歯車カタカタ、ガタ

東洋医学でいうところの水毒に犯されやすい私には、湿度の高さはあらゆる調子悪さのもとになっている気がします。中国の天津で暮らしていた頃は、カルチャーショック以外の調子悪さはあまりありませんでした。なんせ冬の湿度は3パーセント。喘息もちっとも起こさなければ鼻水も出ませんでしたよ。

近頃は毎日雨でムワッとしていて、調子の狂うことばかりです。夜半から明け方には鼻水が留まるところを知らないし、首と名のつくところはみんな痒いし、いつもにも増して眠るのが下手くそになっているし、もしかして散々な有り様です。女々しい話で恐縮至極ですが、生理で貧血になるのを予防しようととっておきの鹿肉を食べたら次の日に恐ろしい程ドロンとした血の塊を出してしまいましたよ。デトックスとして上出来なのか焦って失敗したのかわかりませんが、なんだか悔やまれました。

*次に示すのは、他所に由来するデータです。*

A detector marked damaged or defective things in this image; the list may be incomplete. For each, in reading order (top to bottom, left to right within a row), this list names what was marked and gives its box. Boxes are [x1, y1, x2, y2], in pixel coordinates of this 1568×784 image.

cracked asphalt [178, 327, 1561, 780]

そして調子狂うといえば、ヘクソカズラです。二ヶ月前くらいにたまたま読んだ、有川浩の『植物図鑑』という恋愛小説で最重要な役割を果たす雑草として登場していたのです。はびこり絡まり更に臭い厄介極まりない奴だけど、花を咲かせれば感動の美しさで、主人公たちを結びつける名脇役であったのです。

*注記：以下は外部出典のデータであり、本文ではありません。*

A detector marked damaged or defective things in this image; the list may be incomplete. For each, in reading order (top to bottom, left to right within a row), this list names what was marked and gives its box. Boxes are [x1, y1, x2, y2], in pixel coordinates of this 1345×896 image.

そんな草あるかなぁ、どれかなぁとわからないうちに、それっぽい花を見つけました。どうやらビンゴですが、ちっとも臭くもなければギャップに感激することもなく、なんとも拍子抜けです。

確かにはびこっていましたよ。たくましいツル草だなぁと思っていましたよ。でも何故臭くないのか、私の嗅覚に問題があるのか、他の草があり過ぎて紛れてしまうのか、どれにせよ、臭いことに価値があったのに、気づきもしないとはヘクソカズラ形無しです。

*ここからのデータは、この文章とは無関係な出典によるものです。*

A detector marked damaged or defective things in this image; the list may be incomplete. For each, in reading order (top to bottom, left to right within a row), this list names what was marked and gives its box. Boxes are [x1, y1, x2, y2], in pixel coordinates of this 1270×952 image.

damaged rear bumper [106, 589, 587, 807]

いくら調べても見つからない突如咲くこっちの花の方が余程感激の美しさです。

まぁ感性は人それぞれなので、人気作家さんとズレたといってショックを受けることもないのです。これだけ考察すればもう見逃すことはないというだけで、十分感謝することにしましょう。

でもそろそろサッパリしたいなぁ。